Keadaan masyarakat dan lingkungan dalam berbagai bentuknya
akan berpengaruh, baik langsung maupun tidak terhadap anak-anak remaja.
Perubahan-perubahan masyarakat yang berlangsung secara cepat dan
ditandai dengan peristiwa-peristiwa yang menegangkan, seperti persaingan
di bidang perekonomian, pengangguran, keaneka ragaman mass media,
fasilitas rekreasi yang bervariasi. Pada garis besarnya memiliki koreksi
relevan dengan adanya kejahatan pada umumnya, termasuk kenakalan
remaja. Masalah keadaan ekonomi pada dasarnya berkaitan erat dengan
timbulnya kejahatan. Kemiskinan mengakibatkan bahaya besar bagi jiwa
manusia sebab adanya perbedaan yang sangat menyolok sehingga akan
mempengaruhi kestabilan mental manusia di dalam hidupnya, termasuk
perkembangan mental anak-anak remaja.
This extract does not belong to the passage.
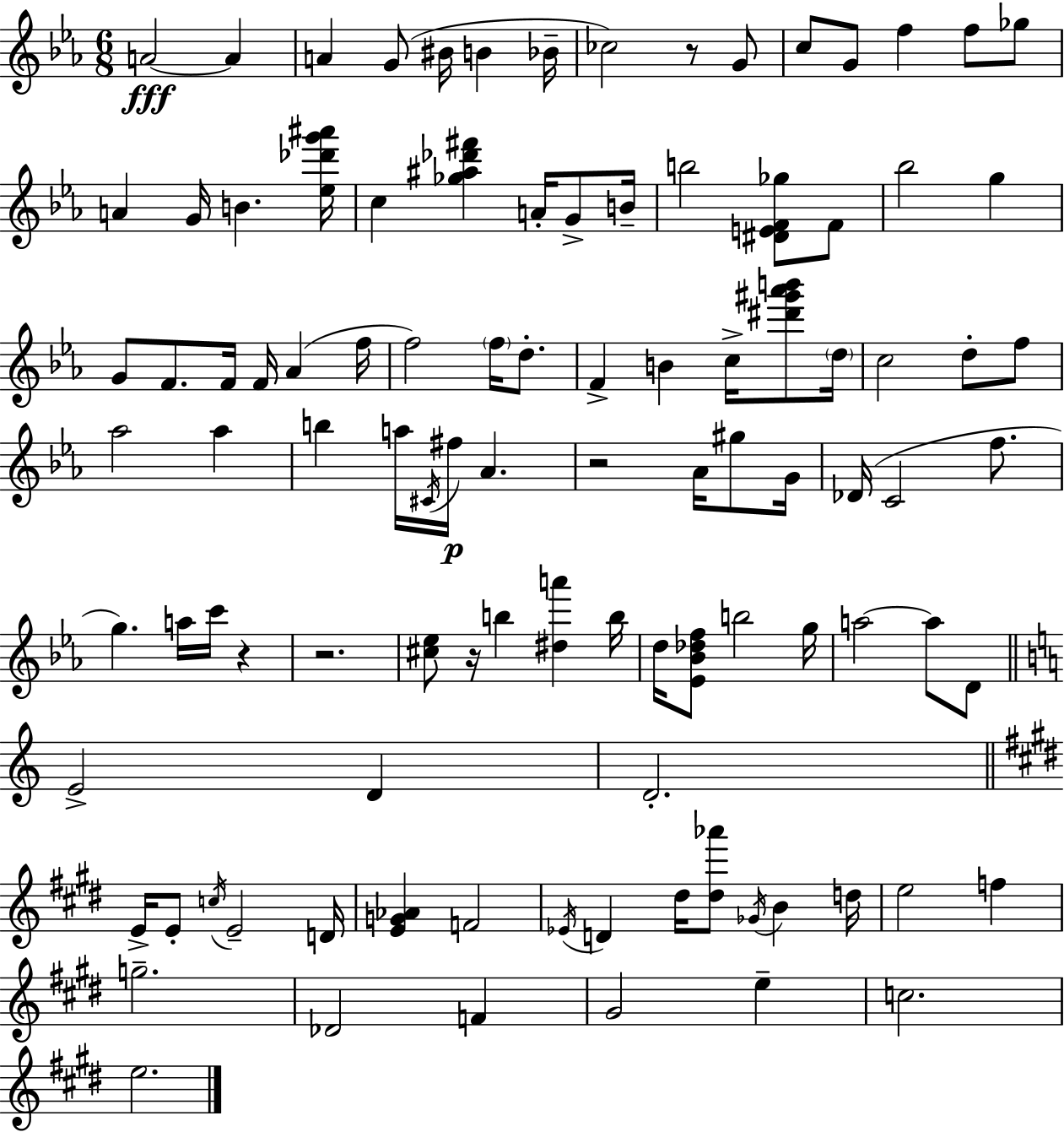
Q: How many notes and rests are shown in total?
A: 103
Tidak jarang remaja yang memiliki
perasaan rendah diri sehingga terdorong untuk melakukan kejahatan
terhadap hak milik orang lain seperti mencuri, menipu, merusak dan
lain-lain. Hasil dari kejahatan tersebut biasanya digunakan untuk
menunjang terpenuhinya sebagian kebutuhan hidup sekedar
untuk mengejar kesamaan tingkat kehidupannya sendiri dengan kehidupan
orang lain atau kawan sepermaianannya. Tidak sedikit hasil kejahatan
itu, hanya untuk berfoya-foya saja.
Kenakalan remaja
juga dapat muncul karena pengaruh media. Anak remaja sering mengisi
waktu kosongnya dengan membaca bacaan-bacaan yang tidak baik seperti
novel-novel yang berbau cabul, dan komik-komik porno, maka hal ini
sangat berbahaya sebab akan mengancam perkembangan jiwa anak dan
mendorong mereka ke arah negatif dan menghalang mereka untuk beramal
saleh. Sangat disayangkan bukan?
Pada dasarnya
kesesatan dan kejahatan yang dilakukan oleh remaja menjadi tanggungjawab
semua anggota kelompok di masyarakat, karena penanganannya membuthkan
peran aktif dari masing-masing individu di dalam masyarakat. Nah,
sebagai generasi penerus, adik-adik yang masih punya sejuta impian,
gunakanlah momentum dan peluang yang masih panjang ini untuk meraih
cita-cita dan kesuksesan hari esokmu.